Aus den auf der Homepage des Verkehrsministeriums veröffentlichten Verträgen ergeben sich potentiell enorme Entschädigungszahlungen an die designierten Betreiberunternehmen.

          Gut einen Monat nach dem Urteil des Europäischen Gerichtshofs und dem Aus für die deutsche Pkw-Maut hat das Bundesverkehrsministerium den Vertrag zur Erhebung der Maut auf seiner Internetseite veröffentlicht. Die Unternehmen Kapsch TrafficCom und CTS Eventim, die Ende vergangenen Jahres den Zuschlag für den Mautbetrieb über ihre Firma Autoticket GmbH bekamen, hatten der Offenlegung der Vereinbarungen kurz zuvor zugestimmt. Geschwärzt sind darin nur personenbezogene Daten. Bis dahin konnten nur Abgeordnete des Bundestages den Vertrag in der Geheimschutzstelle einsehen. Eine Veröffentlichung des Vertrages über die Kontrolle der Maut, der im Oktober geschlossen wurde, steht noch aus. Der Vertrag zur Erhebung ist im Kern 200 Seiten lang, umfasst aber einschließlich der Anlagen 2650 Seiten. Darin sind minutiös auch die Leistungspflichten des Betreibers aufgeführt.

          Kerstin Schwenn

          Wirtschaftskorrespondentin in Berlin.
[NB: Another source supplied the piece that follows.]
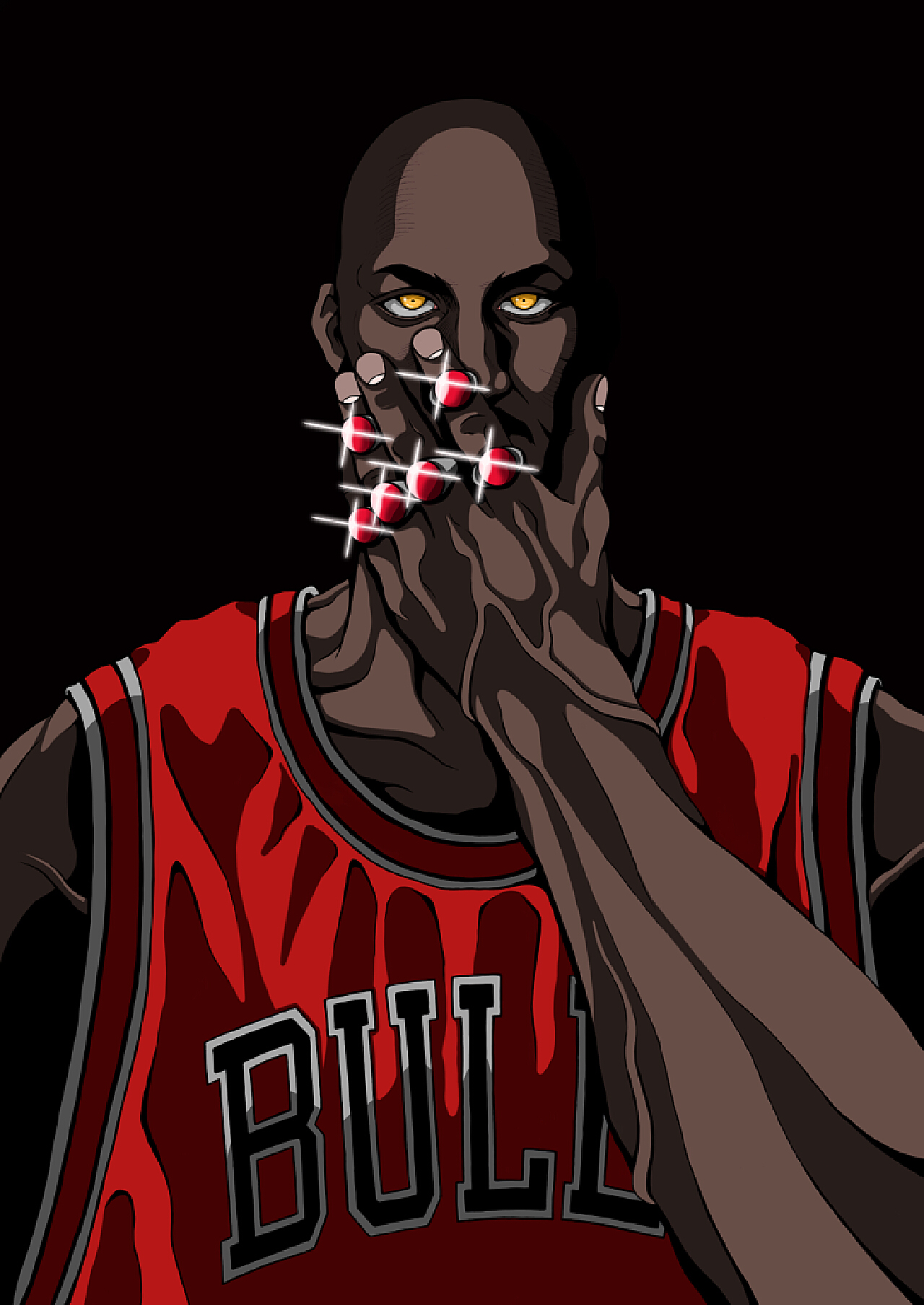 也是对自身 也是对自身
          Verkehrsminister Andreas Scheuer (CSU) hatte den Vertrag unmittelbar nach dem Urteil des Europäischen Gerichtshofs (EuGH) gekündigt, weil er nach Rücksprache mit den Juristen seines Hauses keine Chance sah, die Pkw-Maut neu zu gestalten und damit die Beanstandungen der Richter zu „heilen“. Der Bund muss nun aber mit Ausgleichsforderungen der Betreiber rechnen. Sie könnten eine dreistellige Millionenhöhe erreichen. Nach Auslegung des Vertrages ist ein Schaden von einer halben Milliarde Euro nicht ausgeschlossen. Den riskanten Abschluss der Verträge vor dem EuGH-Urteil, den vor allem die Opposition scharf kritisiert, verteidigt Scheuer mit dem Argument, nach dem Einvernehmen mit der EU-Kommission über die Details der Pkw-Maut im Jahr 2016 habe sich der Bund in der Pflicht gesehen, rasch Vorbereitungen für die Erhebung der Infrastrukturabgabe zu treffen, um sich keine Einnahmen entgehen zu lassen. Durch die positive Einschätzung des EuGH-Generalanwalts habe die Bundesregierung sich bestätigt gesehen.